I’ve held off talking about this topic for months, but I think I’m doing a disservice by trying to ignore a sticky topic, so I’d like to share some of my thoughts about AI art and its role in Replay’s design/marketing process and toolkit.

I see three intertwined topics that affect us as a team:

  1. How to handle disagreement

  2. Is AI art ethical?

  3. How can we align on a direction about AI art?

  4. How to handle disagreement

I love agreeing with people, and I don’t like disagreeing. Because I know a lot of people at Replay disagree with using AI art, I haven’t wanted to talk about it. But I think our ideal should be “disagreeing without being disagreeable.” Not only is it ok to disagree, it’s good! It shows we’re able to wrestle with things to try and find the best solution. Which is why I’m finally writing this.

  1. Is AI art ethical?

“AI art” is too broad of a term to have a single answer. Some AI art is only trained on publicly available data, such as Adobe Firefly. On the other hand, it’s possible to directly steal an artist’s whole look and feel without permission, as happened here. I believe the first is perfectly ethical and something I do, whereas the second is deeply unethical and I would never support it. In my view, the answer to this question is “it depends,” as it is for many complex issues.

2b. Free icons, illustrations, and images are the industry standard, not human illustrators

I’ve worked in tech as a professional developer or designer for 23 years, over thousands of features and products, and I can remember using a human illustrator only twice. The other 99.9%+ of the time, industry designers use stock photo websites, free icon sets, google images, and so forth. (Even at Microsoft, which shocked me at first.
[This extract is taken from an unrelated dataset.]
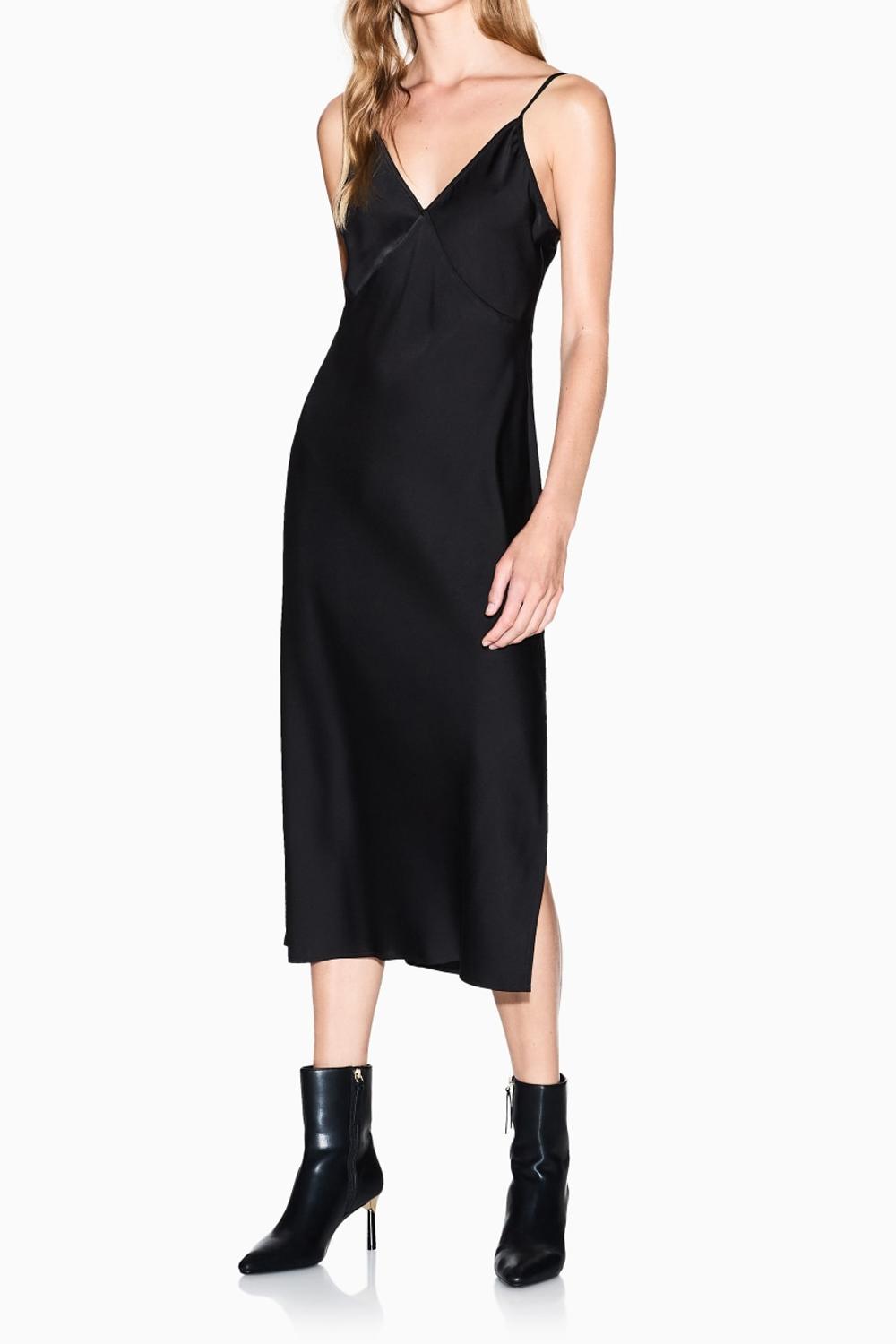 Abito midi in raso lucido 8NYA59 YNZ5Z1200 Armani Exchange 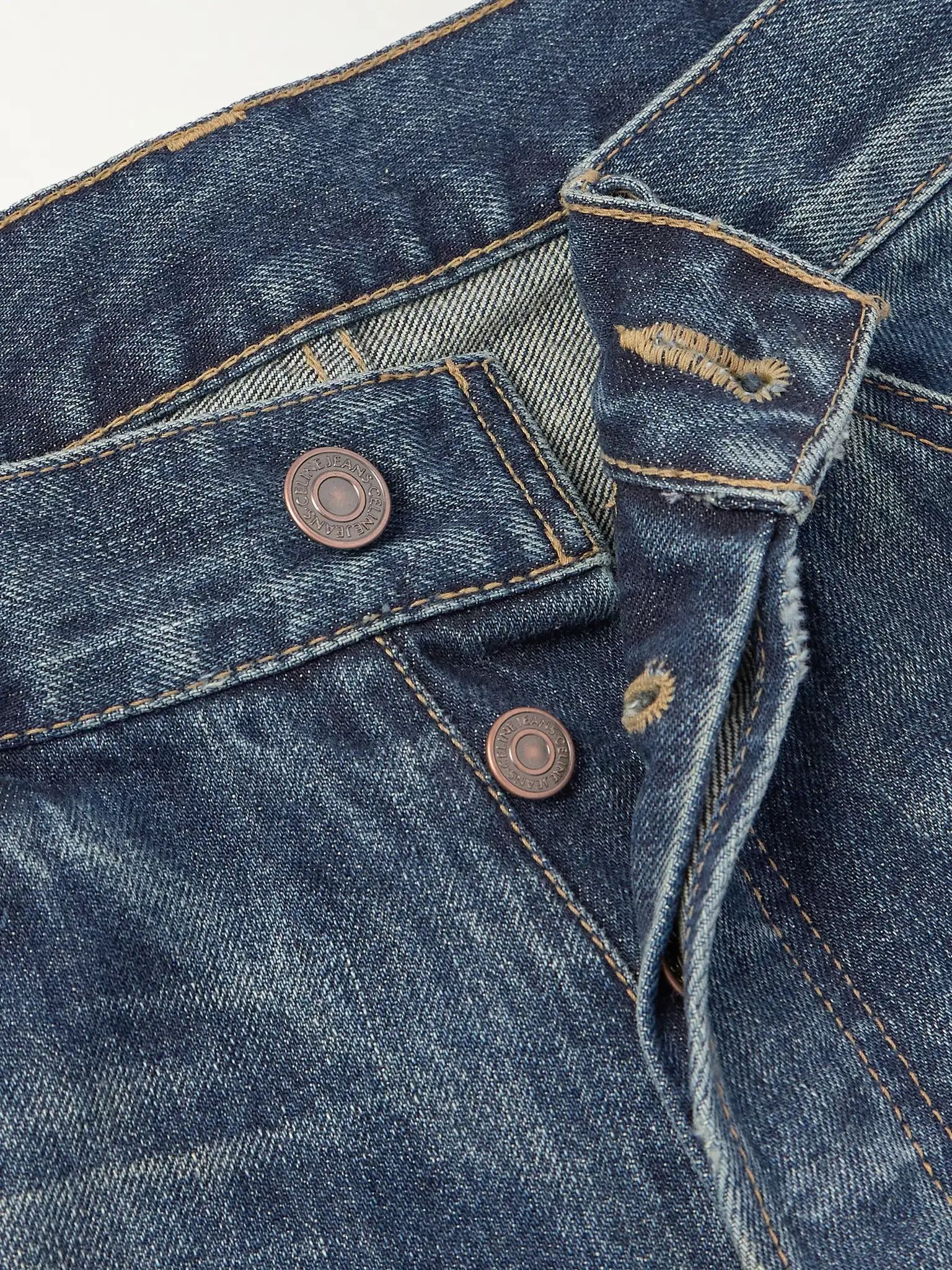 Celine o1w1db10526 2N9466 Wesley Denim Pant in Blue Size US 28 / EU 44 - 5 Thumbnail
They don’t have their own library!)

So when I use AI art, my conscience is clear because I am 100% positive I was never going to pay an illustrator for that work. AI art is primarily stealing attention from royalty-free asset libraries, not hard-working human illustrators.

(On the other hand, I’ve spent thousands of dollars commissioning illustrators for personal projects in the last few years. Human artists are great for side projects, but they’ve been too expensive for professional software work as long as I’ve been in the industry. I have also worked as a freelance illustrator, so I’ve been on both sides of this scenario.)